Poucos minutos depois desta lenga lenga que, convenhamos, não esclareceu nem desmentiu objetivamente a acusação oficialmente delatada do cidadão Machado, Michel saiu da bancada sem permitir uma pergunta sequer e, ereto, empertigado, com os cabelos perfeitamente alinhados e convicto que convencera jornalistas e telespectadores de sua pureza d’alma sumiu palácio adentro, cercado pelos acólitos de sempre.
Não convenceu nem Délis Ortiz, a experiente jornalista da Globo que acompanhou o pronunciamento e comentou no ar: “Michel Temer falou por quase oito minutos, mas não deu nenhuma explicação sobre as duas menções feitas a ele na delação do ex-presidente da Transpetro…”
Mas convenceu inteiramente nosso lorde imortal, Merval Pereira, que, no Jornal das Dez da Globo News, encontrou um silogismo que elimina qualquer dúvida sobre a honestidade do Michel: para ele, a frase do interino foi um desastre e, como todo desastre é verdadeiro, a explicação do presidente em exercício tinha condições de ser verdadeira! Claro que ele não foi direto assim. Sob o olhar emocionado das duas outras jornalistas presentes, ele pontificou em seu indefectível gestual comedido, como um lord britânico o faria: “Olha… eu acho duas coisas: uma que a frase que ele disse sobre não poder ser presidente se tivesse feito o que foi denunciado, é politicamente desastrosa… e não teria sido dita se ele não tivesse querendo passar realmente a certeza de que ele nunca fez o que está sendo acusado. Porque nenhum político cauteloso diria uma frase dessa tão peremptória… Então, pelo contraste, a frase é tão desastrosa politicamente, tão perigosa politicamente, que passou pra mim a sensação que ele ‘tava dizendo a verdade.”

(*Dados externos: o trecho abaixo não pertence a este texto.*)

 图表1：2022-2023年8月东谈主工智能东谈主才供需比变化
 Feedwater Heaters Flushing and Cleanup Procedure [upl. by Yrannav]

Em outra instância de poder, outros lordes, estes de toga preta e falar rebuscado, eivado de latinices, com a devida vênia, tomavam uma decisão de inestimável importância e profunda significação para o povo brasileiro. Após longa discussão, que se prolongou por várias sessões, uma turma do Superior Tribunal de Justiça decidiu proibir o que chamou de venda casada, ou seja: um cinema não pode exigir que, nas sessões de cinema, seus espectadores só consumam pipocas vendidas pelo próprio cinema.
Com lordes, problemas e soluções deste nível, o Brasil queria o quê? Ganhar do Peru?